5. Internal Threats Exposed In IRS Breach

A U.S. Treasury Department Inspector General's report documents the failure of the Internal Revenue Service to conduct security checks against contractors it hired to conduct printing, document recovery, courier and interpreter services, despite those contractors having access to sensitive information. The report exposed an incident in which a CD containing the sensitive information of as many as 1.4 million U.S. taxpayers was accessed by a courier with a criminal record. The report recommends that the agency conduct background checks on contractors that gain access to sensitive, but unclassified, information.

4. Payroll Company Roiled By Attackers

An attack in April against Mechanicsburg, Pa.-based payroll management company Paytime Inc. resulted in the exposure of the personal data, including Social Security and bank account numbers of 233,000 people. It took the company weeks to discover that an intruder penetrated the company's systems. The attackers stole account credentials associated with the firm's Client Service Center. Following a forensics investigation, the company said it implemented intrusion detection and network monitoring over the critical payroll systems. Solution providers told CRN that the additional technology can be effective in bolstering threat detection, but to be fully effective, organizations must plan for proactive management and incident response activities associated with the security gear.

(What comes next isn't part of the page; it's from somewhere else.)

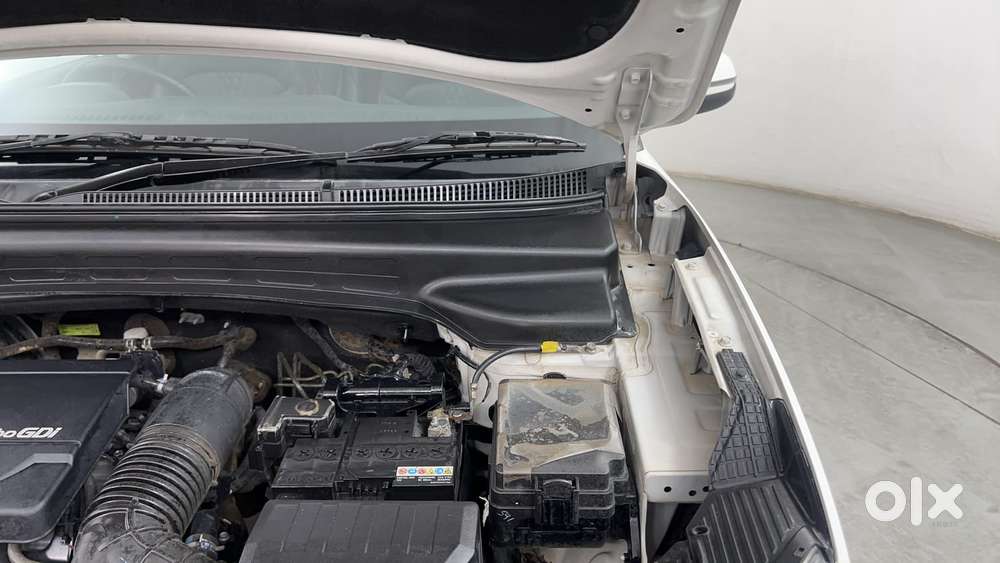 Hyundai Creta 1.4 Sx (o) Turbo Petrol Dct, 2022, Petrol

3. Heartbleed Associated With Massive Health-Care Breach

The Heartbleed OpenSSL vulnerability that forced networking vendors to rush out patches to customers is believed to have been at least partially the cause of a massive data breach at Community Health Systems Inc. The lapse was believed to have impacted up to 4.5 million patients. The company, which provides management, consulting and IT services for health-care providers, said its network was targeted by attackers in separate intrusions conducted in April and June. The lapse exposed patient names, Social Security numbers and other personal information.

David Kennedy, a security industry veteran and ethical hacker who heads Strongsville, Ohio-based TrustedSec, said the initial attack vector was a Juniper VPN, which was vulnerable to the Heartbleed flaw at the time.

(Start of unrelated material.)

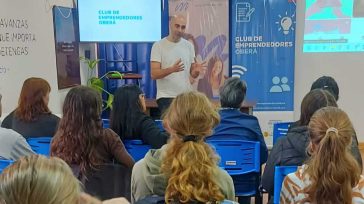 OBERÁ: Buena participación del taller de Fotografía para que aprendas a comunicar tú emprendimiento
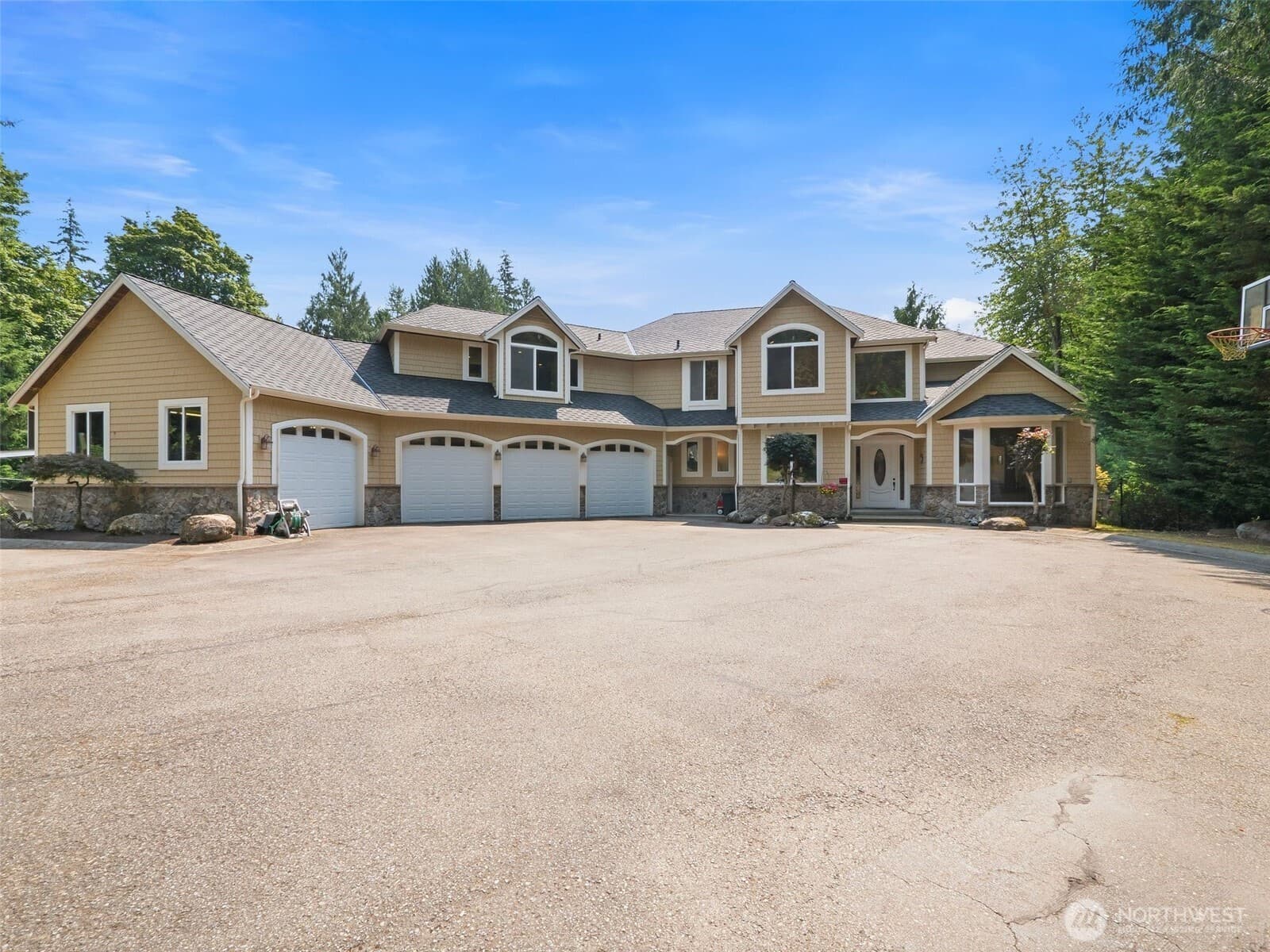 Property at 17818 48th Street SE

2. Banking Trojan Costly For PA Plastics Manufacturer

A joint law enforcement and private-sector campaign in June took out the Gameover Zeus botnet and court documents filed by the U.S. Department of Justice associated with the takedown exposed a lengthy list of corporate data breaches that, until this year, had gone undocumented. One standout was Haysite Reinforced Plastics, an Erie, Pa.-based plastics manufacturer that was bilked out of more than $375,000 in October 2011. The Russian attackers, who are still at large, successfully infected several employee systems with the Zeus Trojan, and recognized that they got lucky, successfully infecting a system belonging to employees who had access to the company's coffers. Over a two-day period, they raided the company's bank account to the tune of $375,000. The attackers used social engineering to get the victims to install the malware, which could steal employee credentials or hijack their banking session and stealthily transfer the funds without the victim's knowledge.

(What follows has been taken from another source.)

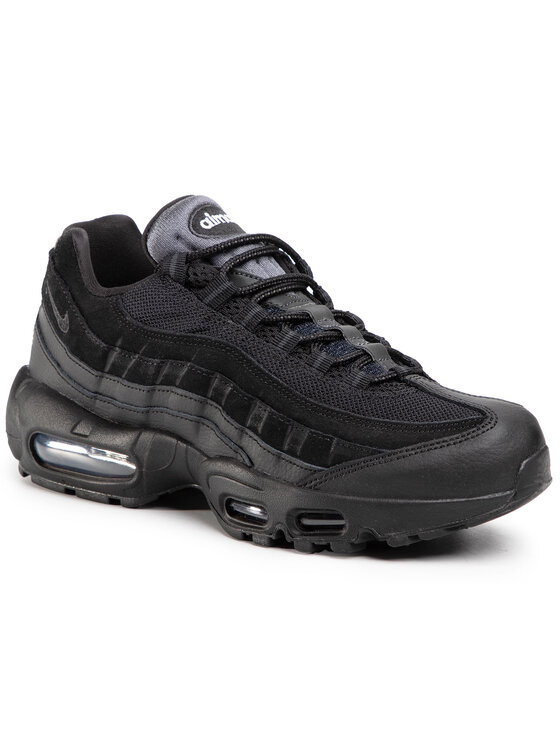 Nike Сникърси Nike Air Max 95 Essential AT9865 001 Черен
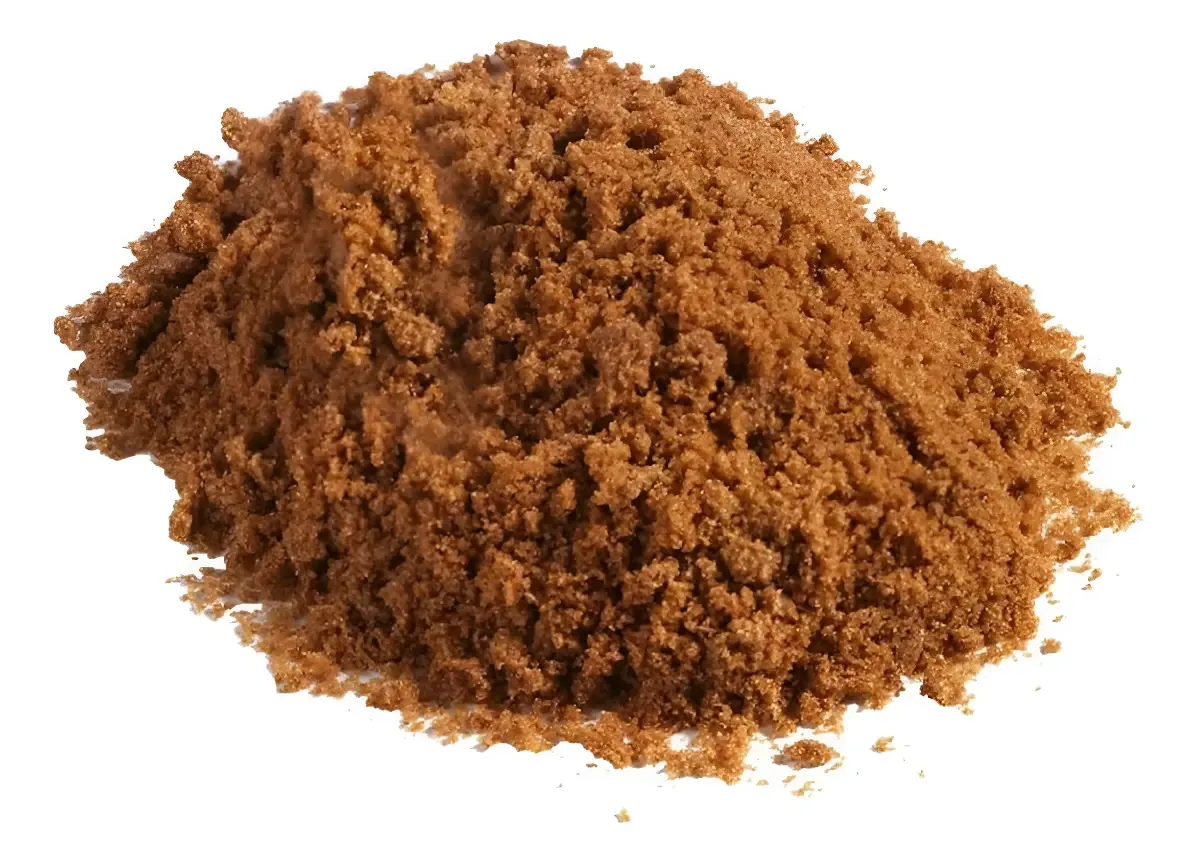 Azúcar mascabo sin TACC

1. Campaign Targeting U.S. Veterans

The Veterans of Foreign Wars of the U.S. announced a data breach of approximately 55,000 members of the organization in March. But the number of exposed records in this breach pales in contrast to the details that exposed the data in the first place. A targeted attack campaign, believed to have been carried out by a nation-state, used the VFW website to infect visitor systems. The attackers used a watering hole technique of identifying a legitimate website often visited by their targeted victims. The criminals then exploited a common website vulnerability, turning it into an attack platform. In the process, the attack exposed the user data contained in the underlying web server. The breach was investigated by security vendor FireEye and exposed an Adobe Flash zero-day vulnerability. FireEye traced the attack to a China-based group, which may have been seeking people who have access to military plans and contracts.